Step 0 : (Not implemented but plan to give as an option for the
user) :  Check for root words using a root word dictionary. (you
know this dictionary will be of huge size with around 2000 verbs and
infinite number of nouns)

Step 1 : Check for suffixes (both case suffixes and GNP and Tense
markers)  using a dictionary of suffixes and hyphenate before them.
(recursive). In the above example, "aan" is a GNP(Gender, Number,
Person) marker and "kkiR"  is a tense marker. But we are doing some
adjustments such that the letter after hyphen is not a pure
consonant, etc.

Step 2 : Check for auxiliary verbs. Auxiliary verbs should not be
split further. In the above exampe, "koNTiru" is an aux.

We keep those substrings that were already processed and should not
be split further. So each step processes only the rest.
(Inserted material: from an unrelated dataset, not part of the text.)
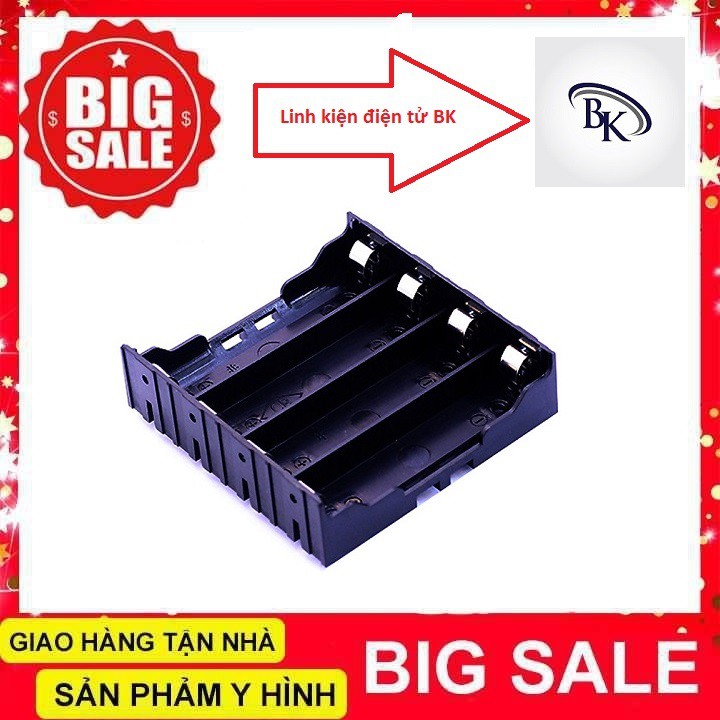 Đế Pin 18650 Đế Chân Hàn 1/2/3/4 Cell Chế Pin 2S 3S 4S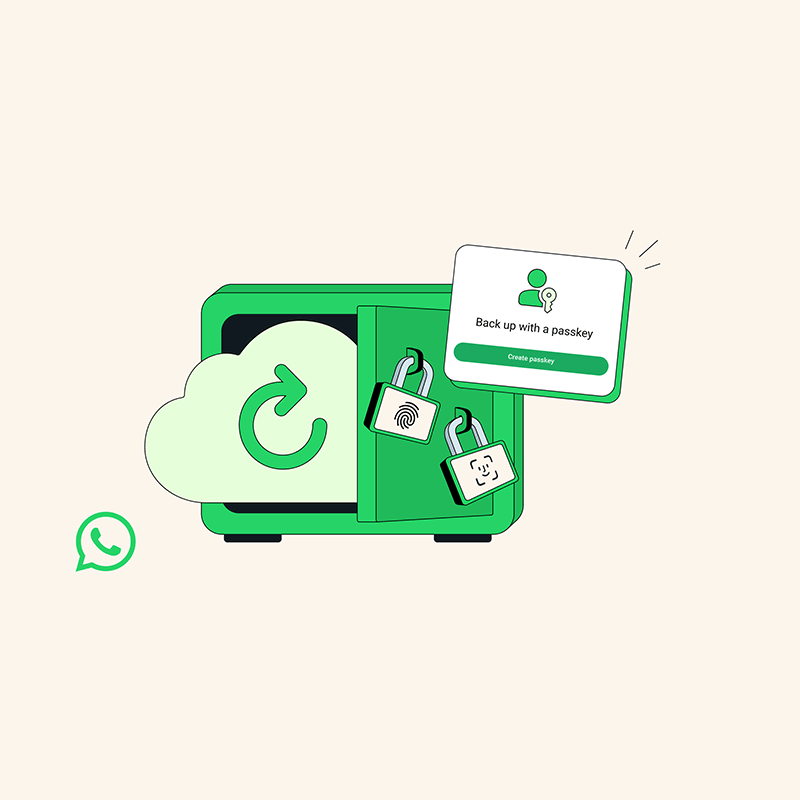 WA, backup, passkey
Step 3 : For those substrings that were left out in the above steps,
we apply some syllable analysis and split them. To start with, we
took the rules form the poetry's "asai pirithal" technique (Neer,
Nirai, etc) and we modified some rules and added more. This will
take care of rest of the parts.

Yet, some fine tuning is needed. Right now, our algorithm's output
is almost up to the standards of Tamil News papers(column mode -
more hyphenation spots needed compromising beauty/readability a
little bit). But will take atleast one more month to make it better
- suitable for books or reports.

Now, I want to use it with LaTeX.  By searching the net, I found
that using "patgen", we can generate patterns for Latex.  But I
don't know exactly how to use it.  My algorithm will give all
possible hyphenation positions in a word like in the above example.  
Like that I can generate lot of words using the huge corpus we have
(4 lakh unique words).

I would be happy if you could guide me or point me to what I should
do to have latex use these hyphenation patterns.  Expecting your
early reply.

Thanking you,
Regards,
Prasanna David

AU-KBC Research Centre,             prasanna@au-kbc.org
MIT Campus of Anna University,      prasannadavid@vsnl.net
Chromepet, Chennai - 600 044,       prasannadavid@yahoo.com
Tamil Nadu, INDIA.
Ph : 91-44-223 2711, 223 4885;      Fax : 91-44-223 1034